* Problem statement *
With the exception of the pictures, write out the data below precisely.

* Extracted information *

********

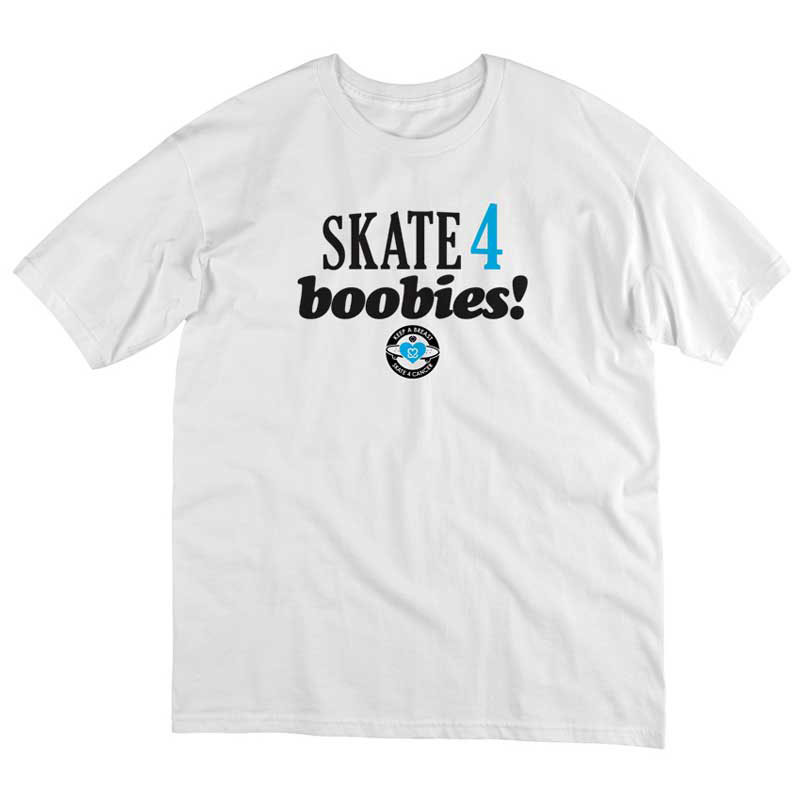 C1rca Skate 4 Boobies White Men's T-Shirt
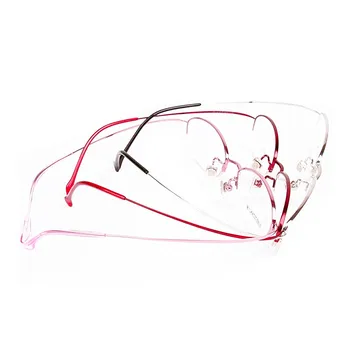Čistý Titan Brýle Půl Rim flexibilní Optické Rám Předpis Brýlové Semi Rim Brýle Malý Obličej Vhodné Line Chrámu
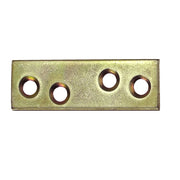 Lastrine diritte 100 x 15 mm. - zincate giallo - 4 pz.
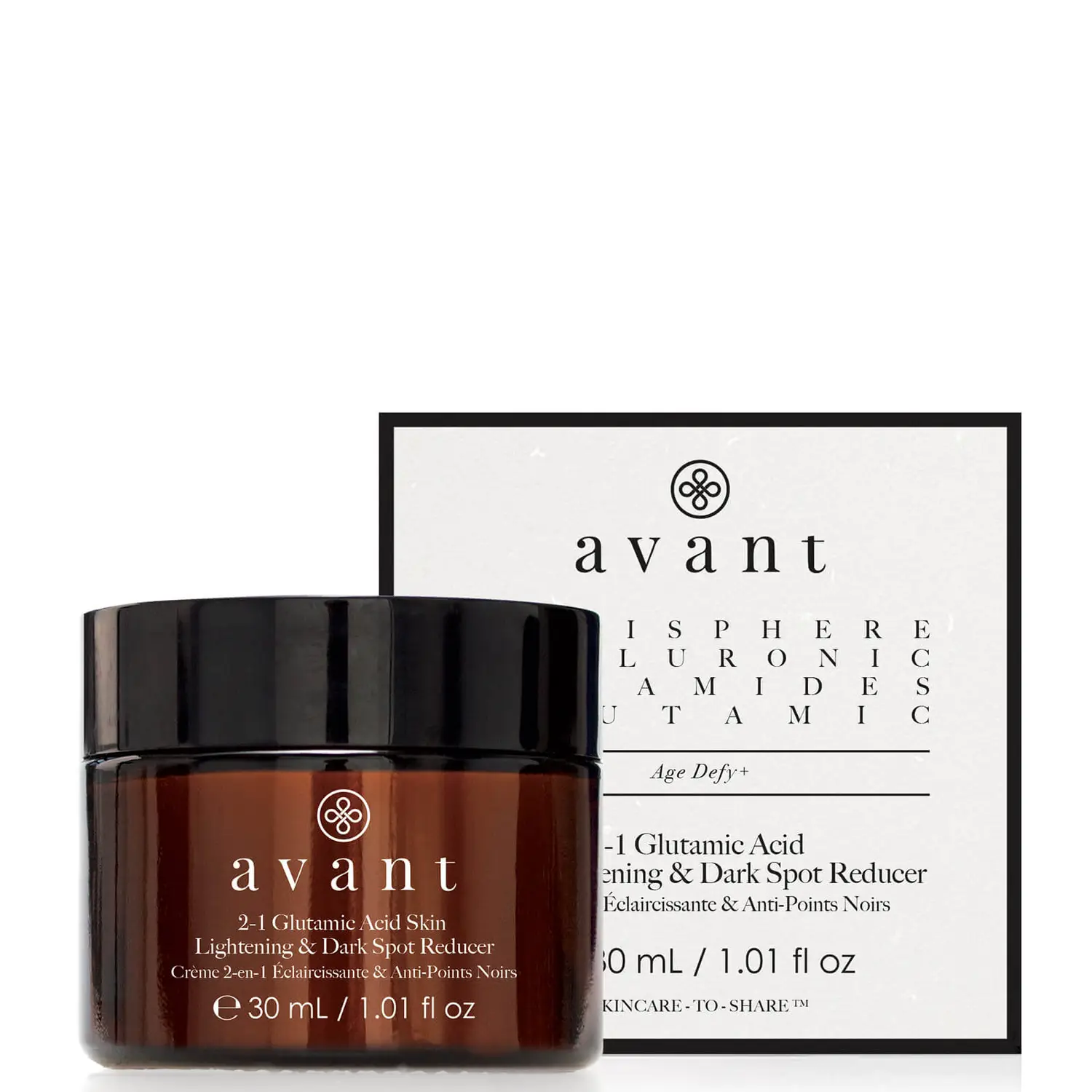 Avant Skincare 2-1 Glutamic Skin Lightening and Dark Spot Reducer 30ml 4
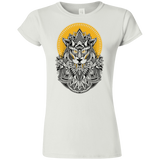 T-Shirts White / S Alpha Wolf Junior Slimmer-Fit T-Shirt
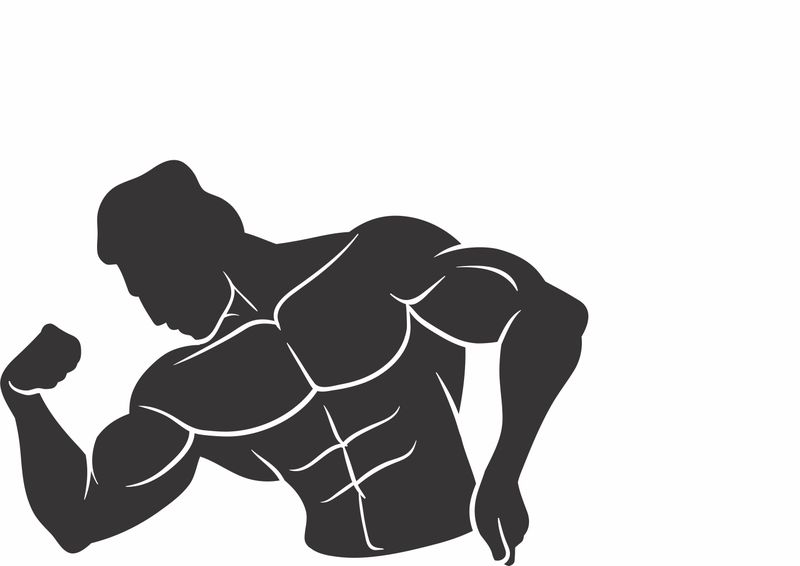 Vinyl Sticker Bodybuilder 5 Decal; Art - Decor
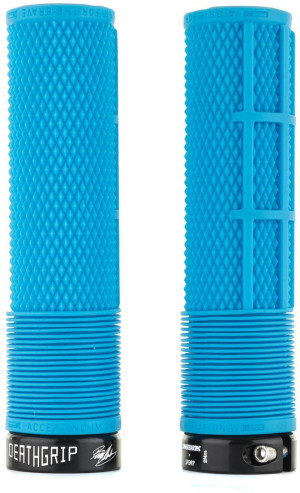 DMR DeathGrip Flangeless Grips Blue Thick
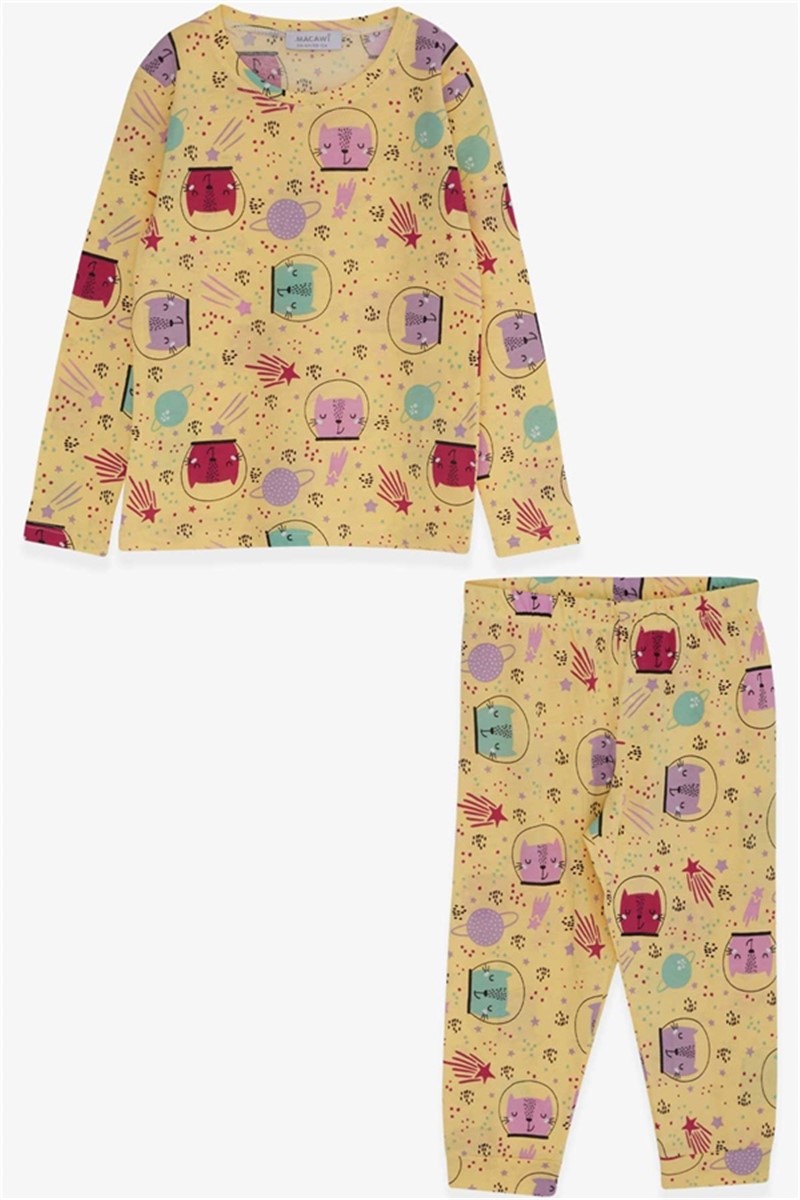 Children's pajamas for girls - Yellow #380153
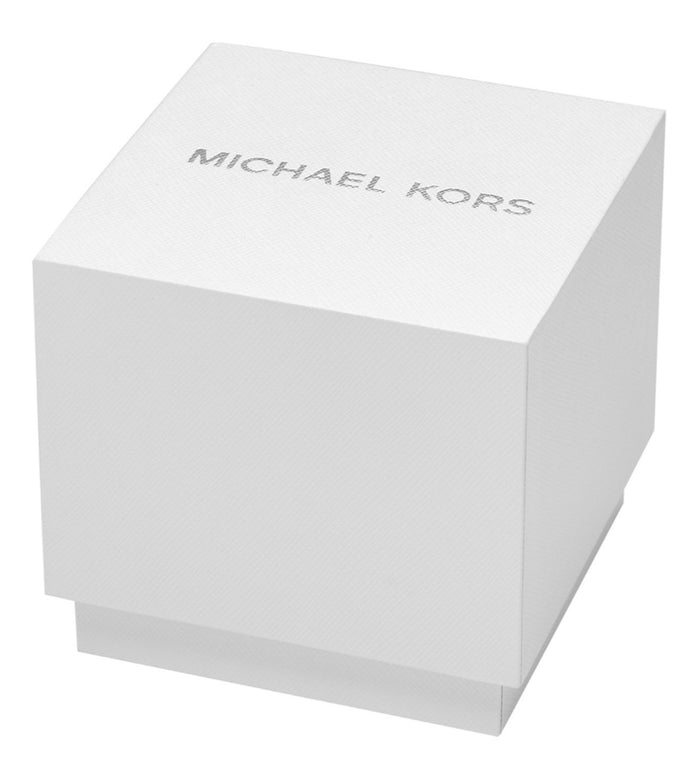 Michael Kors Quartz Black Dial Chronograph Silicone Men's Watch, MK9253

********

* Task response *
 C1rca Skate 4 Boobies White Men's T-Shirt
Čistý Titan Brýle Půl Rim flexibilní Optické Rám Předpis Brýlové Semi Rim Brýle Malý Obličej Vhodné Line Chrámu
 Lastrine diritte 100 x 15 mm. - zincate giallo - 4 pz.
 Avant Skincare 2-1 Glutamic Skin Lightening and Dark Spot Reducer 30ml 4
 T-Shirts White / S Alpha Wolf Junior Slimmer-Fit T-Shirt
 Vinyl Sticker Bodybuilder 5 Decal; Art - Decor
 DMR DeathGrip Flangeless Grips Blue Thick
 Children's pajamas for girls - Yellow #380153
 Michael Kors Quartz Black Dial Chronograph Silicone Men's Watch, MK9253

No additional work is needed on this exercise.